But after a time somebody did come, and they seemed reassuringly human. A small, fat old woman wearing a scarf knotted around her head entered the room without announcing herself, carrying a tray on which was laid a bowl full of something steaming.
"Hello," Maerad said in Jussack, thinking this the most likely language to try first.
The woman smiled, her face creasing into a cobweb of wrinkles. "You are awake, then. I will tell the master."
"The master?" Maerad eyed the bowl, which smelled tantalizingly delicious, but she did not stretch out her hands to take it: more than food, she wanted information. "Who is the master?"
"He is our kind lord and master," said the old woman. "He will see you soon."
"But what is his name?"
"He does not have a name," said the woman. "He is too big for a name. He is our master. Here, take the soup." When Maerad would not take it, the woman laid the tray on the table beside the bed and turned to leave.
"Then what's your name?" asked Maerad hurriedly, wanting her to stay. "And where am I? And what happened to my hand?"

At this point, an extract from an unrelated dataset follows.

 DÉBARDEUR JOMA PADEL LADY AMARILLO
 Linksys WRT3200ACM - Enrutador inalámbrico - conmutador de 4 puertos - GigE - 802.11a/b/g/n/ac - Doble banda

"You are here, in the palace of the master. And my name is Gima, young fish. Oh, you were a sick girl when you came in." She clicked her tongue, as Mirka had done. "The frost bit your fingers off, silly girl. But now you are getting better, no? Soon you will be well enough to meet him."
"Do you mean the Winterking?" asked Maerad.
"I don't know who that is," said the woman cheerfully. "Maybe someone calls him that. Here, he is just the master."
Maerad gave up; her stomach was growling, and it seemed that Gima had no intention of telling her anything useful. "Will you come back?" she asked as the woman left.
"Soon, soon..." She lifted the hanging, and was gone.
Maerad devoured the meal ravenously. She had been starving. She pushed the bowl aside, feeling more substantial than before. Perhaps she could think about walking a bit. She massaged her legs, which looked thin and wasted, and then thought that she ought to get dressed. She had just decided to unpack her spare clothes, filthy as they were, when Gima came in again, bearing a long robe lined with white fur, a rich crimson dress and fine woolen leggings, and some finely embroidered felt shoes.
"I will wash these for you," she said, gathering Maerad's clothes up and slinging them over her arm. "These are for you, as ordered by the master."
"But who is he?" asked Maerad, irritated. "And where am I?"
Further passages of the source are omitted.